Understanding triangle properties is crucial for solving problems related to triangles, such as identifying the largest angle in a triangle from given side lengths. Triangles have several key properties:

• The sum of the angles in any triangle is always 180 degrees.
• The sides of a triangle are often denoted as \(a\), \(b\), and \(c\), with corresponding opposite angles \(A\), \(B\), and \(C\).
• The largest angle in a triangle is always opposite the largest side.
• A triangle can be classified based on its sides (equilateral, isosceles, scalene) or its angles (acute, right, obtuse).

In the exercise, we use these properties to identify which angle is the largest based on the side lengths, leading us to the application of the Law of Cosines for further calculations.

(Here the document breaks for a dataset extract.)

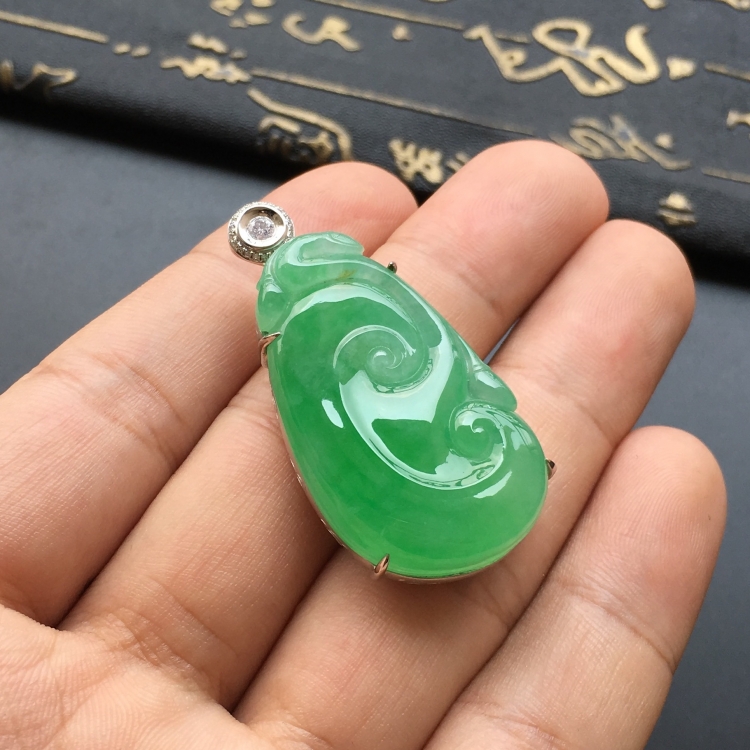 (超值推荐)冰种翠色镶白金钻石如意胸坠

Calculating angles in a triangle involves using various methods and formulas, depending on the given data. For a triangle with known side lengths, we usually employ the Law of Cosines to find specific angles. To calculate the angle opposite the largest side, we use:
\[ c^2 = a^2 + b^2 - 2ab \cdot \cos(C) \]
This formula allows us to find angle \(C\), opposite side \(c\), by rearranging to solve for \(\cos(C)\):

• Calculate the squares of each side.
• Substitute these values into the Law of Cosines equation.
• Simplify and rearrange the equation to isolate \(\cos(C)\).
• Use the inverse cosine function to determine angle \(C\).

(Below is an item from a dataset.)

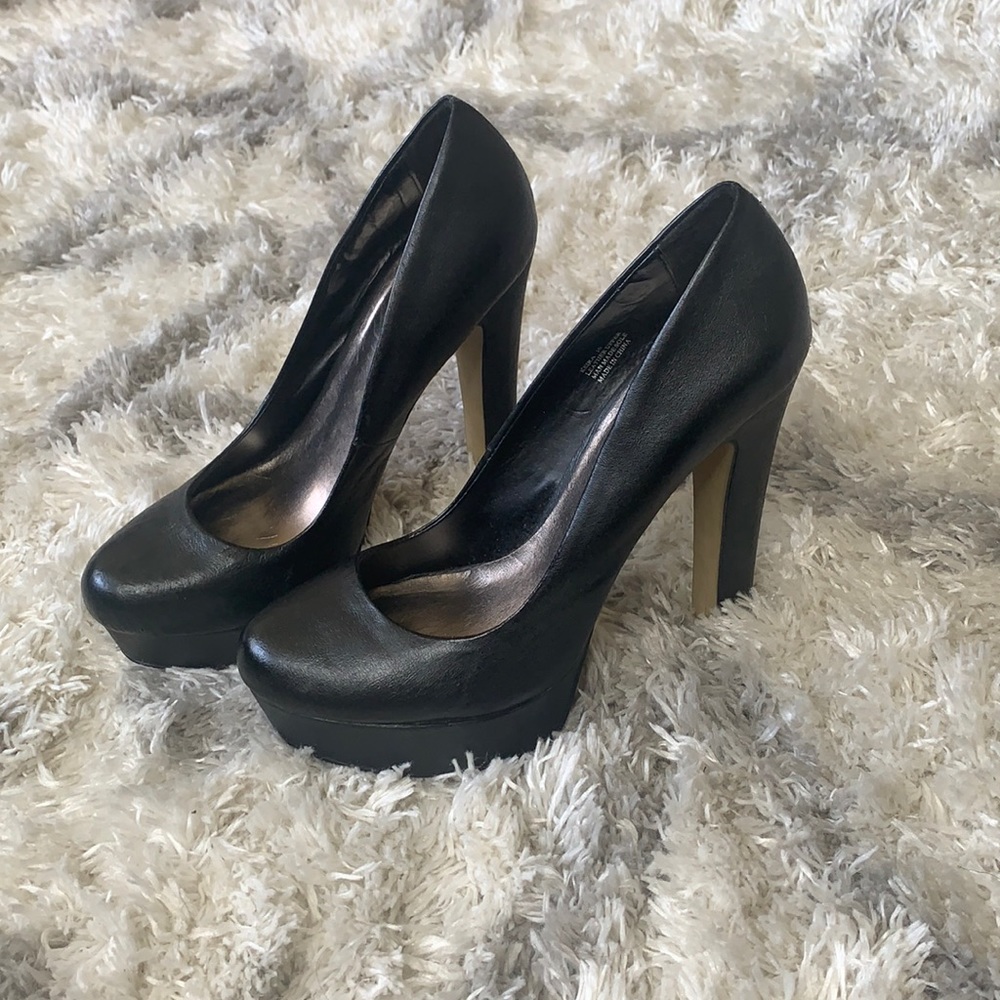 Zigisoho black pumps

Each of these steps helps in systematically calculating the angle, ensuring accuracy in determining triangle properties.

Trigonometric functions are essential tools for solving problems involving triangles, particularly when determining angles from side lengths. Key trigonometric functions include sine, cosine, and tangent, each relating different sides of a right-angled triangle. In non-right-angled triangles, as seen in the Law of Cosines:

• Cosine (\(\cos\)) helps find angles when the lengths of all sides are known.
• The inverse cosine function (\(\cos^{-1}\)) is used to calculate the angle itself from the cosine value.
• These trigonometric functions are not limited to right triangles; they can also be applied in oblique triangles like triangle \(ABC\).

In the given exercise, we ascertain the angle \(C\) by calculating \(\cos(C)\) and using \(\cos^{-1}\) to find the precise angle, demonstrating the powerful role trigonometric functions play in geometry.